TASK STATEMENT
Please copy, word for word, the line holding "Джинсы зауженные" and each line that follows it through the end of the entries, omitting any pictures.

(INPUT DATA Opens)

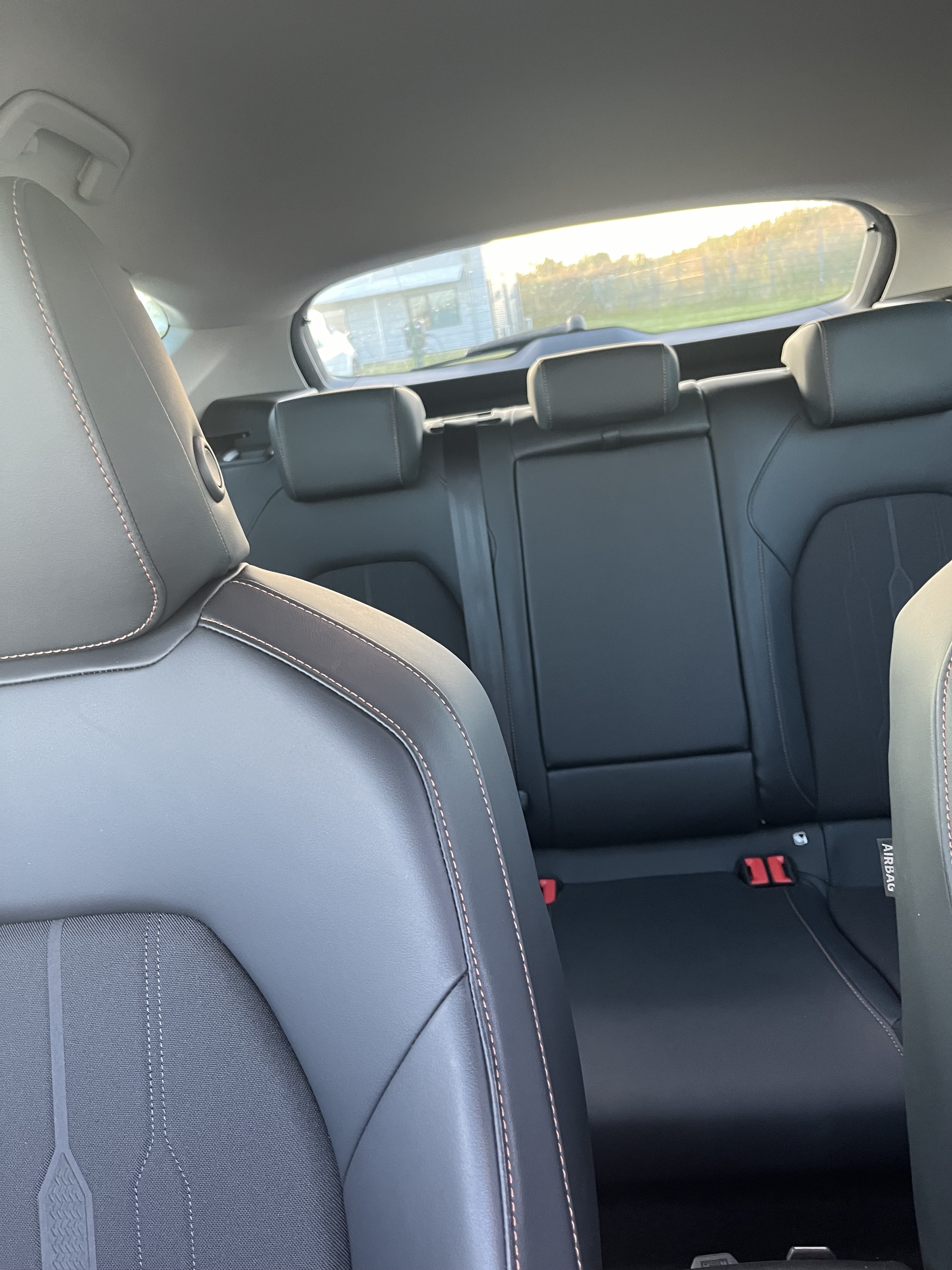 Hvid Seat CUPRA Born High EL 204 HK AUT fra 2021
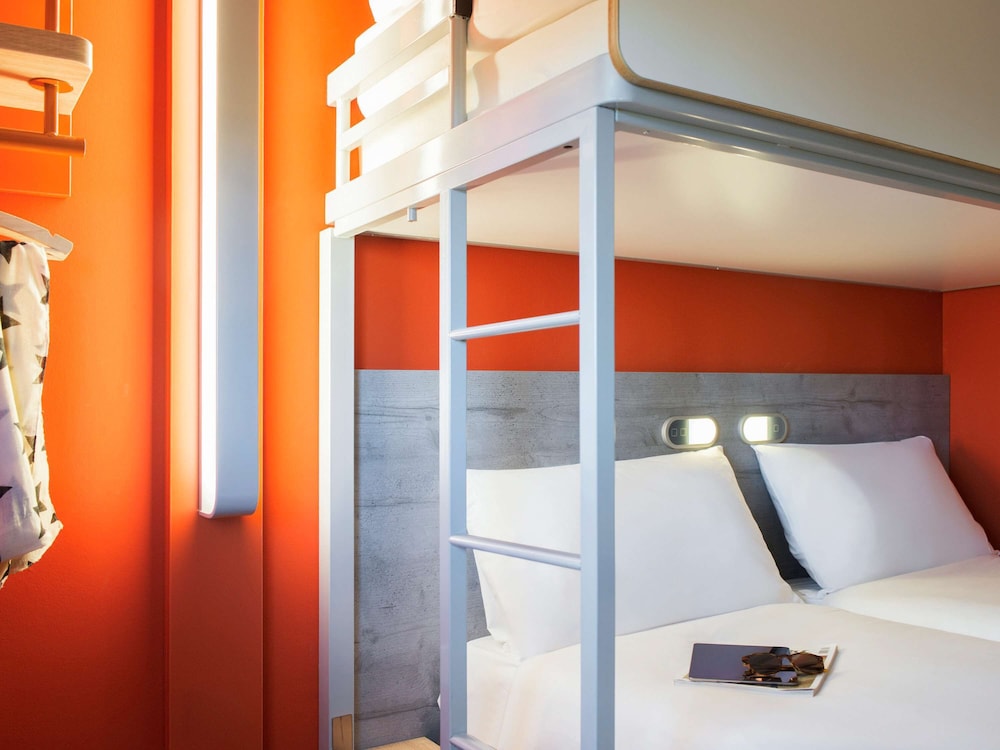 Ibis Budget Amsterdam Airport 17/60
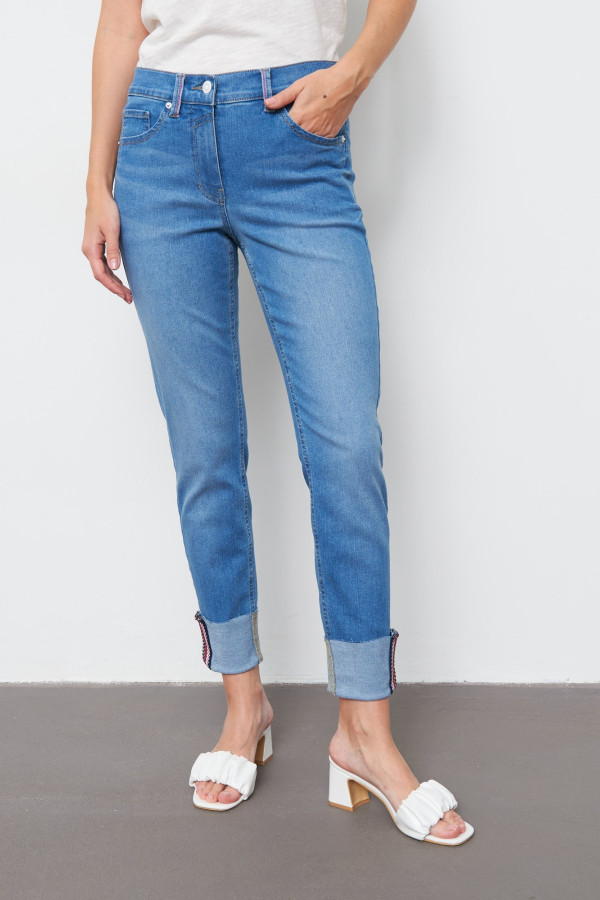 Джинсы зауженные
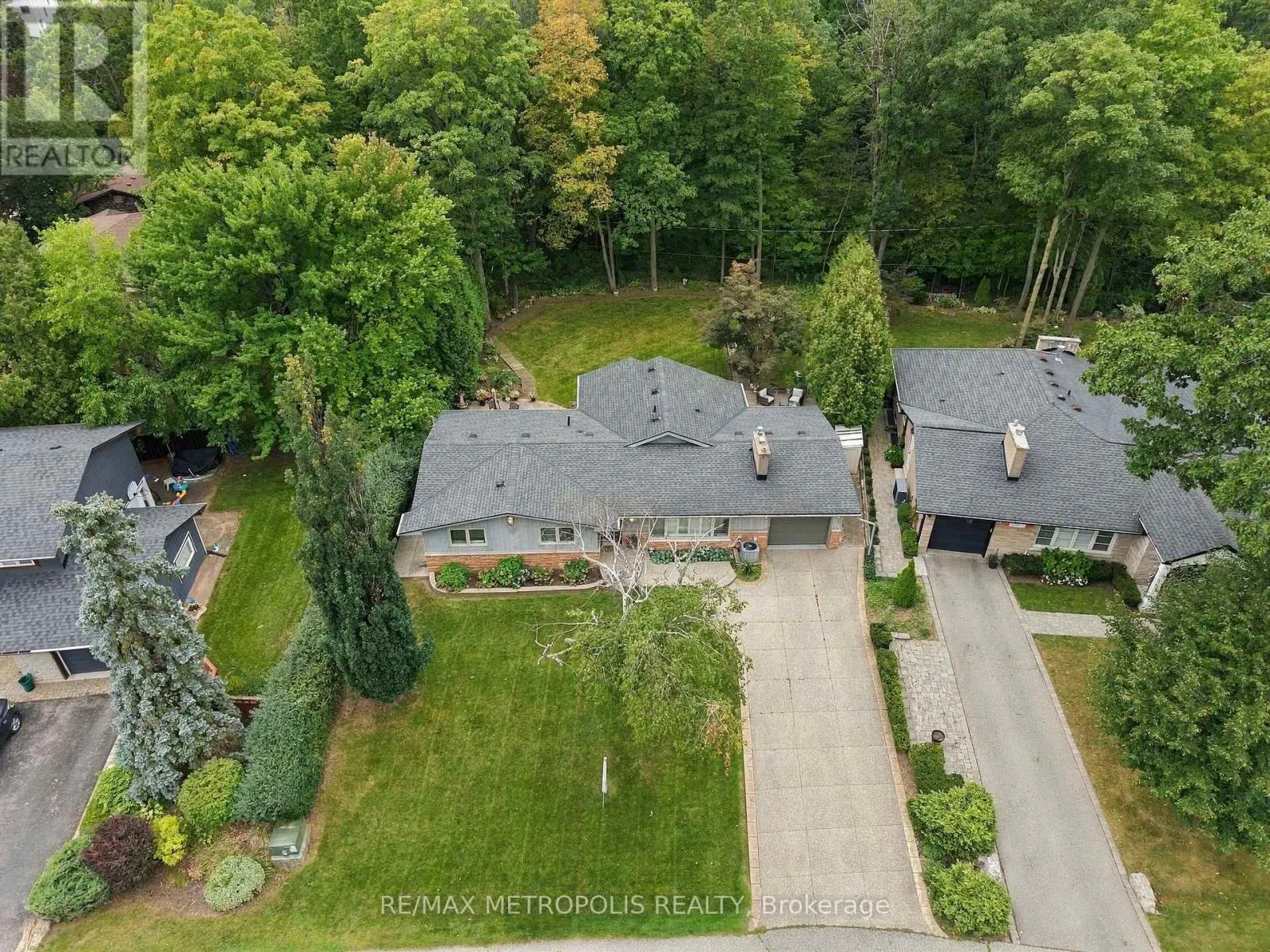 1228 ELGIN CRESCENT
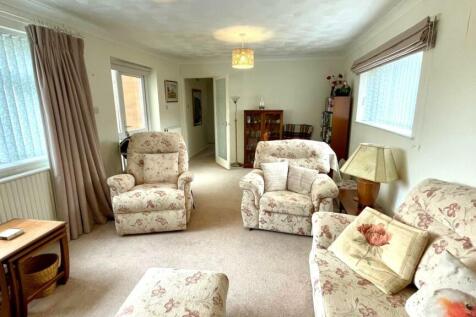 DOUBLE ASPECT LOUNGE/DINING ROOM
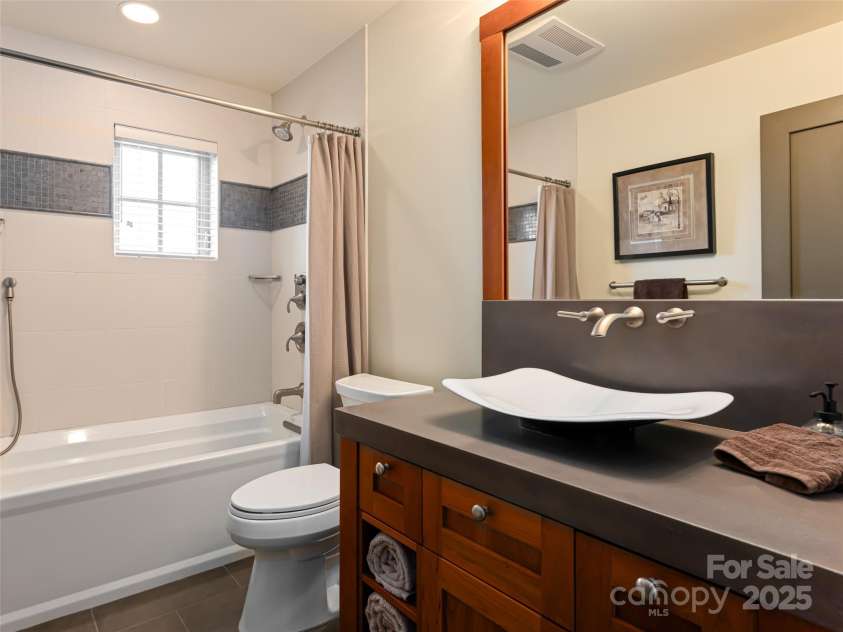 355 Doghobble Road, Lake Toxaway, NC 28747.  MLS# CAR4227971, YatesRealty ID 9436. 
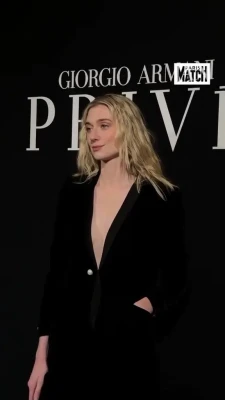 elizabeth_debicki - Slo-Motion Naked Smoking part 1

(INPUT DATA Closes)

TASK OUTPUT
 Джинсы зауженные
 1228 ELGIN CRESCENT
 DOUBLE ASPECT LOUNGE/DINING ROOM
 355 Doghobble Road, Lake Toxaway, NC 28747.  MLS# CAR4227971, YatesRealty ID 9436. 
 elizabeth_debicki - Slo-Motion Naked Smoking part 1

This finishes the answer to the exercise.